Today in Oslo, Norway, Vice President Al Gore, was given the Nobel Peace Prize along with the Intergovernmental Panel on Climate Change (IPCC) "for their efforts to build up and disseminate greater knowledge about man-made climate change, and to lay the foundations for the measures that are needed to counteract such change."

As Gore noted in his speech (which I highly recommend checking out) "today, we dumped another 70 million tons of global-warming pollution into the thin shell of atmosphere surrounding our planet, as if it were an open sewer. And tomorrow, we will dump a slightly larger amount, with the cumulative concentrations now trapping more and more heat from the sun.

As a result, the earth has a fever. And the fever is rising. The experts have told us it is not a passing affliction that will heal by itself. We asked for a second opinion. And a third. And a fourth. And the consistent conclusion, restated with increasing alarm, is that something basic is wrong.

We are what is wrong, and we must make it right."

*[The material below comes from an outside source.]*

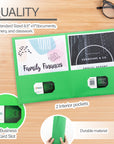 2-Pockets Portfolios Premium Green Color (25/Box)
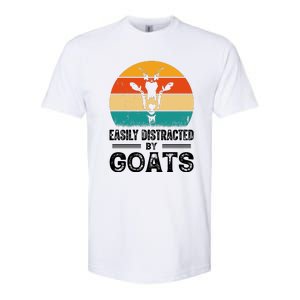 Easily Distracted By Goat Funny Goat Softstyle CVC T-Shirt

Now there are a lot of people who will put Gore down for his carbon credit buying, his jetplane travel, and the mansion that he lives in, all points that I think are fair but possibly not balanced. Having said that, he's put climate change on the map and done more for the sustainability movement by doing so than just about anyone out there. And the first step is to acknowledge the problem, which he now has most of us doing.

So a hail and hearty Huzzah to Mr. Gore for his past, present, and future accomplishments and for helping make this global problem one that everyone is (finally) talking about.